Data storage player Seagate Technology (STX) is facing difficulty this year. The company is facing tough competition from rival Western Digital (WDC). The revenue and profit of Seagate declined in the previous quarter on a year-over-year basis, so the company’s shares have taken a beating in 2014.
Seagate’s prospects are not attractive at this time as it is experiencing weaker sales of higher margin disk drives to enterprise customers, and is incurring higher operating expenses. Further, the slowness in sales for the PC market is another concern for the company’s hard-drive business. Let’s analyze whether the company's stock is worth investing as of now or not.
Seagate is planning to explore other areas to make up for a weak PC market. Hence, the company is focusing on products for mobile devices and servers. Further, Seagate is focusing on strategic acquisitions. So, it materialized the strategy by acquiring Xyratex, which is a leading provider of storage data technology. The acquisition enhanced Seagate’s vertically integrated supply and manufacturing chain for disk drives. Further, the acquisition enables Seagate to expand its portfolio through Xyratex’s industry leading enterprise data storage systems and high performance computing businesses.

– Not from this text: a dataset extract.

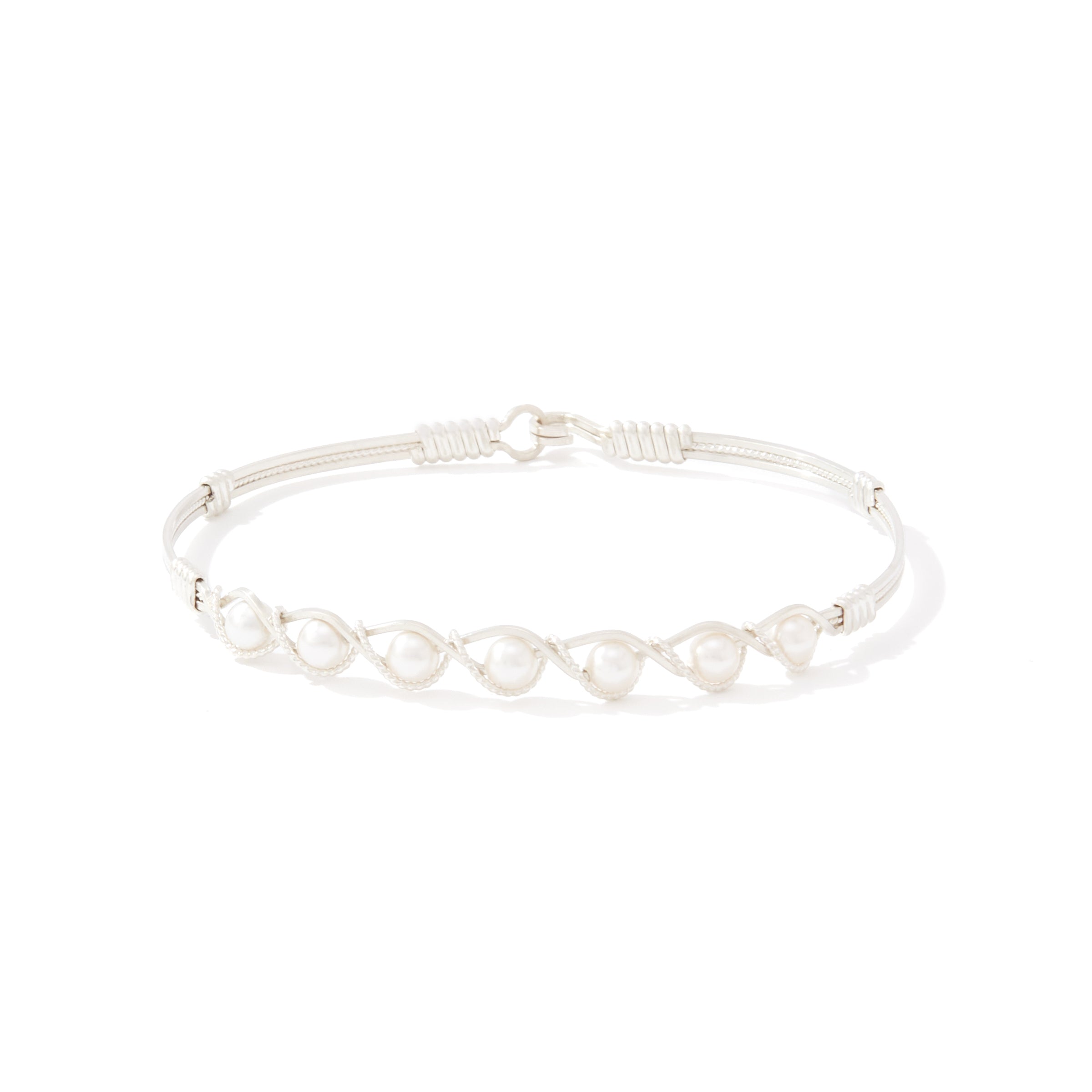 Ronaldo Simple Blessings Bracelet in silver with crystal pearl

Seagate is also restructuring its product portfolio to align its offerings with the emerging trends in mobility, cloud and open source computing. The company has introduced its Kinetic platform and is developing its portfolio of high capacity drives with a six-disk, six-terabyte drive. Going forward, these moves are expected to strengthen its position as Seagate expects its addressable market to grow.
Seagate’s moves are looking to be already becoming effective. The increasing traction for five-millimeter drives in mobile being sold by multiple tablet manufacturers is enabling Seagate to see good response in the mobile segment. Further, Seagate is also focusing on product innovation. Seagate’s latest shingled magnetic recording, or SMR, technology is expected to break density barriers in hard drives and add 25% more capacity to traditional drives. This could enable Seagate to win over more customers in the server and enterprise market due to the low cost of storage and the introduction of higher-capacity hard drives.
Going forward, Seagate is eyeing deepening customer engagement by providing them with more services. Moreover, the increasing demand for large capacity drives is enabling Seagate to add more value to its product portfolio and win more customers in enterprise information technology functions.
Western Digital in the Lead
Seagate’s rival Western Digital is already way ahead of it in the enterprise storage department. Western Digital has expanded its enterprise segment through acquisitions worth close to $1 billion for Virident and sTec. The company shed money on these acquisitions last year and they have started yielding robustly.
Western Digital’s revenue increased almost 4% in the last quarter and its earnings went up 29%. More crucially, the management reported that the enterprise revenue of Western Digital outpaced the industry’s average in the last quarter. Several successful acquisitions by Western Digital have given it a stronger base than Seagate to tap this market. For example, the acquisition of sTec brought in 100 SSD-related patents into Western Digital’s portfolio. Whereas, Seagate’s suffering lower sales to enterprise customer has worsened its condition.
Seagate is struggling against its rival HDD maker Western Digital which has been gaining share. Earlier both companies used to command an identical share of the market, but Western Digital has gone ahead with a 45% share as compared to Seagate’s 40%. Moreover, Western Digital is in a much healthier cash position as compared to Seagate, which should allow it greater freedom to make more acquisitions and ramp up product development.
So, Seagate could continue to lose hare in the storage market, and hence, the investors should stay away from it.